(DATA FOR PROCESSING)

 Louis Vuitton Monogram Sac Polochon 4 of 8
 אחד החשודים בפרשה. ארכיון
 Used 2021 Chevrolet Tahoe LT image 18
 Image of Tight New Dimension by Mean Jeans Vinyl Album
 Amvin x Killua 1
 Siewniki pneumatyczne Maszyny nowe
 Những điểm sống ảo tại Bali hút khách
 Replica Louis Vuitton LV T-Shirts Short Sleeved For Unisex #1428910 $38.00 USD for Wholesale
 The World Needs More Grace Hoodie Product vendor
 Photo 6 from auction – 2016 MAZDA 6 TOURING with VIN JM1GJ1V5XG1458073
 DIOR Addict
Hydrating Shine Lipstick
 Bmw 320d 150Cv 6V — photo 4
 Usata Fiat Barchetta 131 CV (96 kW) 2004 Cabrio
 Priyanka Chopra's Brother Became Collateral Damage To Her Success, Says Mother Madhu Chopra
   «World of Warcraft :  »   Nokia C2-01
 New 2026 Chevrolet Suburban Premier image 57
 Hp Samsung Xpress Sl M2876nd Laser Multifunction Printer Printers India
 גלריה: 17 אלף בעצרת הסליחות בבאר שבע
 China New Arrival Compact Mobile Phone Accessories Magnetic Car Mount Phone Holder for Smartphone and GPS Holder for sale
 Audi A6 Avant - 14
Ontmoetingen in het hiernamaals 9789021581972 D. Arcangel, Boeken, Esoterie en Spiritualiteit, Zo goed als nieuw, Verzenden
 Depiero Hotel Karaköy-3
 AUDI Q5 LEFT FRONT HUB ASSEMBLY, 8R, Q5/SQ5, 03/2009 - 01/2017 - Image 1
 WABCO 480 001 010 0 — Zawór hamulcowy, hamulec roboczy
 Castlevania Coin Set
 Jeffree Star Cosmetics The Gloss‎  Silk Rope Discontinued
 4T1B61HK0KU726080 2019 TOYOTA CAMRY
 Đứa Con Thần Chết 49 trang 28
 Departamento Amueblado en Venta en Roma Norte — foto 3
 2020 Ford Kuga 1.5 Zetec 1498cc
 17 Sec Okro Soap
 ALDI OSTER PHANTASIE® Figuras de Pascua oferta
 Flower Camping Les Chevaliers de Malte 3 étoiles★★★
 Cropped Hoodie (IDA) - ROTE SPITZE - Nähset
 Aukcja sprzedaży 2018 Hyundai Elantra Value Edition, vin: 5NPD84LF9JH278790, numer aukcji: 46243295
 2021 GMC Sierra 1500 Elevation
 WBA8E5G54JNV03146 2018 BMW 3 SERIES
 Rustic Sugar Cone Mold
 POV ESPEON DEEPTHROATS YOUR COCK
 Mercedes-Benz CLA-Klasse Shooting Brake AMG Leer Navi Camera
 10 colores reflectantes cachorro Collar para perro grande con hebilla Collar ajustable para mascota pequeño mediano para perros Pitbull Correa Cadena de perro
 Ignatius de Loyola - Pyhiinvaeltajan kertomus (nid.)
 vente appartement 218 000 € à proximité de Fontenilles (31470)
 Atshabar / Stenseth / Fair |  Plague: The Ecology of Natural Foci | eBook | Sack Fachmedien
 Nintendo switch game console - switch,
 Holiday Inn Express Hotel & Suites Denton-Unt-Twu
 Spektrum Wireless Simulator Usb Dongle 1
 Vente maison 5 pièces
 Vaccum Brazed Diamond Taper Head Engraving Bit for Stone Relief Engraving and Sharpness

(End DATA FOR PROCESSING)

WHAT YOU ARE ASKED TO DO — Look above for the line containing "Nintendo switch game". From there to the final line of the entries, repeat every line exactly.

ANSWER SECTION —
 Nintendo switch game console - switch,
 Holiday Inn Express Hotel & Suites Denton-Unt-Twu
 Spektrum Wireless Simulator Usb Dongle 1
 Vente maison 5 pièces
 Vaccum Brazed Diamond Taper Head Engraving Bit for Stone Relief Engraving and Sharpness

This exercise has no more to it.